Seulement deux universités publiques, avec des profils, restent au Kosovo

Le rapport du groupe de travail sur le profil des universités publiques du pays fait actuellement partie de la Commission parlementaire pour l ' éducation et a été remis au Gouvernement. Le ministre de l'Éducation, Shyqi Bytyqi, a indiqué à Radio Kosovo que deux propositions ont été présentées dans ce rapport : l'une concerne le profil des universités publiques et [...]
Le rapport du groupe de travail sur le profil des universités publiques du pays fait actuellement partie de la Commission parlementaire pour l ' éducation et a été remis au Gouvernement.
Le ministre de l'Éducation, Shyqi Bytyqi, a indiqué à Radio Kosovo que deux propositions ont été présentées dans ce rapport : l'une porte sur le profil des universités publiques et l'autre sur la transformation en deux universités.

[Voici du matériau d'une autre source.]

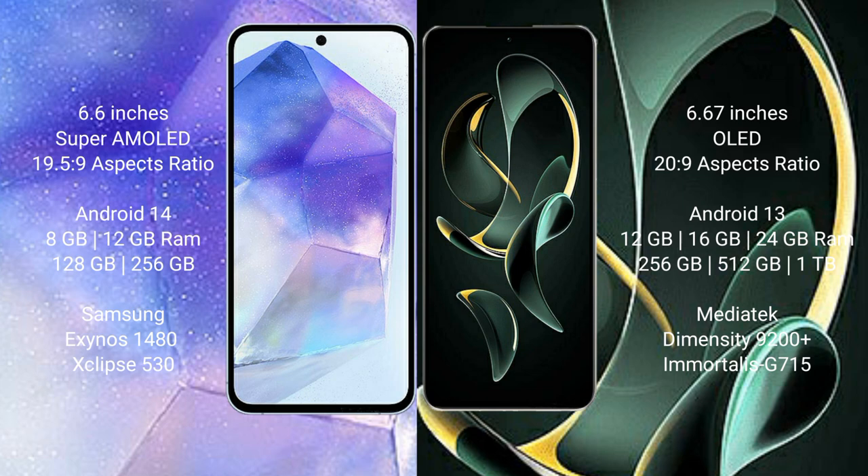Samsung Galaxy A55 comes with 8GB or 12GB RAM and 128GB or 256GB internal storage, with the Exynos 1480 processor and GPU Xclipse 530. Redmi K60 Ultra comes with 12GB, 16GB, or 24GB of RAM and 256GB, 512GB, or 1TB internal storage, with the MediaTek Dimensity 9200 Plus processor and GPU Mali-G715.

L ' équipe spéciale constituée par le Ministère de l ' éducation, qui a examiné des propositions concrètes concernant le profil des universités publiques, a présenté le rapport au Gouvernement et à la Commission parlementaire pour l ' éducation.

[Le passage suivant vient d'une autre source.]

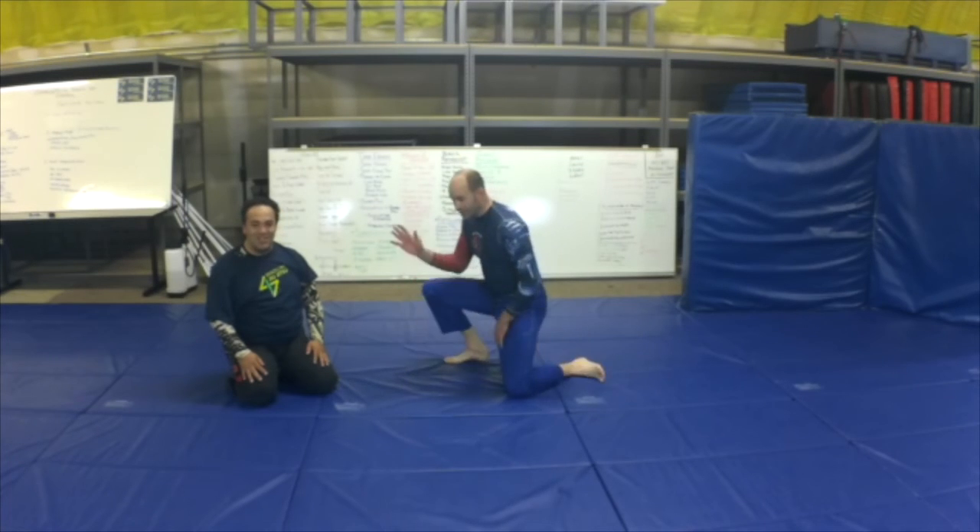And if you're doing MMA, then you're going to be just destroying everything on the way in. So that's knee up, knee down — thanks for watching, let's go.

Le ministre de l'Éducation, Shyqi Bytyqi, a dit à Radio Kosovo que la décision sur le fonctionnement des universités devrait prendre en charge le Parlement et le gouvernement. Il a annoncé que deux propositions avaient été présentées dans le présent rapport.
“Dans ce rapport, deux recommandations ont été formulées, la première portant sur ce que les universités peuvent réduire à deux campus publics et restants qui sont actuellement des universités, le seul objectif étant d'être de qualité au plus haut niveau. Ne devenez pas une concurrence pour des programmes qui ne sont pas destinés au marché du travail. La seconde concerne leur profil, le fait que chaque université a été choisie pour les profils nécessaires et qui sont les exigences du marché du travail”, a déclaré Bytyqi.
Entre-temps, les experts affirment que le rapport de profil universitaire n'a pas encore été publié. La connaissance en matière d'éducation, Dukagjin Pupovci, a déclaré à Radio Kosovo qu'il fallait trouver une solution pour ces universités, car, comme il l'a dit, elles ne peuvent pas conserver le nombre de programmes qu'elles ont.
En premier lieu, en raison du manque de personnel universitaire qualifié. Seulement dans les institutions publiques, nous avons cinq facultés de droit et cinq facultés économiques, alors que le nombre d'avocats et d'économistes au chômage est énorme. Cela donne le droit à ceux qui veulent reconsidérer. Il faut vraiment voir quelle université le profil peut offrir”, a dit Pupovci.
Entre-temps, la Conférence des recteurs a réagi à cette évolution, soulignant que le Ministère de l'éducation a entravé le développement des universités publiques, ne poursuivant pas leurs statuts pour approbation dans le pays. Selon la Conférence des Recteurs, le ministère vise à fermer les universités publiques.